I have just finished reading Martin Duberman's Black Mountain: An Exploration in Community, a history of Black Mountain, an experimental college in North Carolina that ran from the 1930s to the 1950s.
Charles Olson, who was a significant force during Black Mountain's last years, said something that warrants notice here: "good expression is not a quality of language but of the experience that initiates it....Banality is a lack of profound emotion before the object. The problem is how to restore yourself into a state of clean experience, how to open the latch unto the outside world which makes feeling and involvement possible" (qtd. in Duberman 398).

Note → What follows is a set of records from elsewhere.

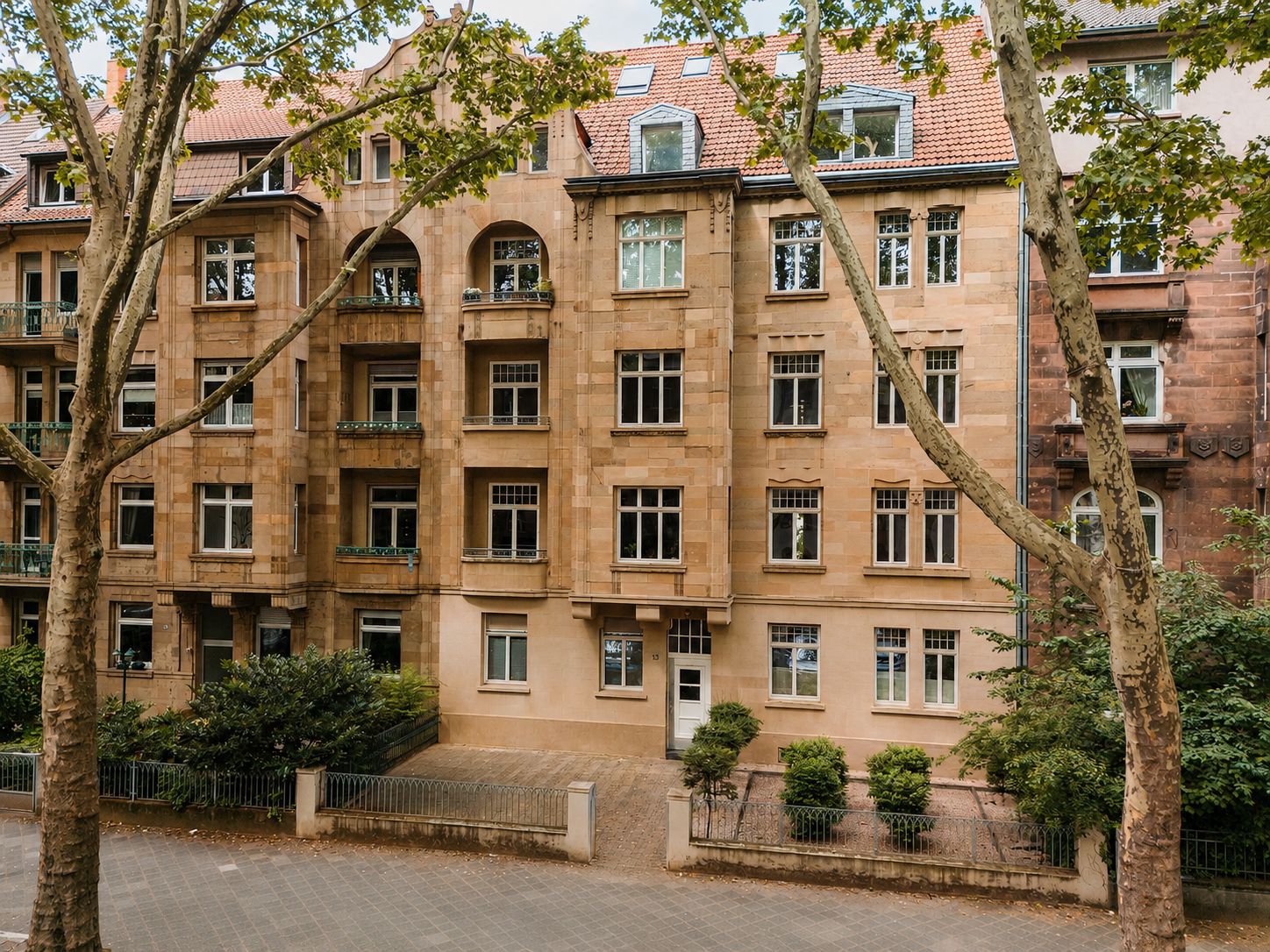 Mehrstöckiges Wohngebäude aus Sandstein mit Balkonen und Bäumen davor.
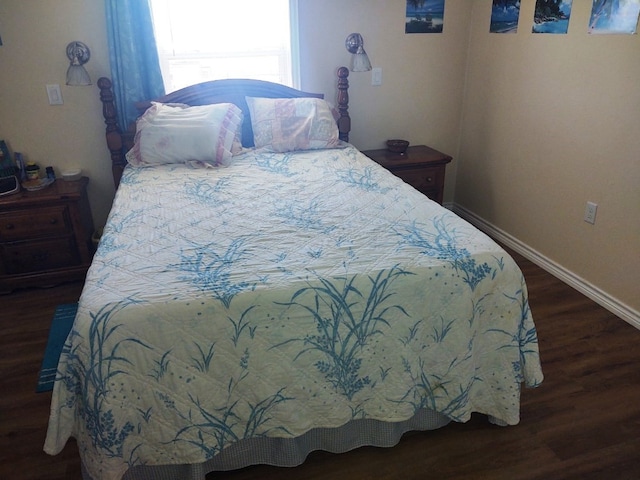 bedroom featuring dark wood-type flooring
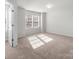 Bright bedroom with carpet and lots of natural light at 136 S Bell Ave, Albemarle, NC 28001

I often tell my students to avoid verbal cliches (a kind of banality), but quite possibly the problem lies not in the language but in the writer's attitude towards the event being described (whether a fictional event or a historical event). The act that leads to the "opening the latch" doesn't have to be extreme, I don't think: for some people freewriting or meditation may be enough. Physical isolation in a cash-poor college among productive artists--what the Black Mountain College offered in later years especially--may be what people need. Cliches may be a sign of some writers' inability or unwillingness to figure out their actual emotional or intellectual responses to characters and events. ISuch writers have shallow responses to their own writing and represent those responses in shallow terms (namely, what other people--nonwriters--tend to say about such experiences).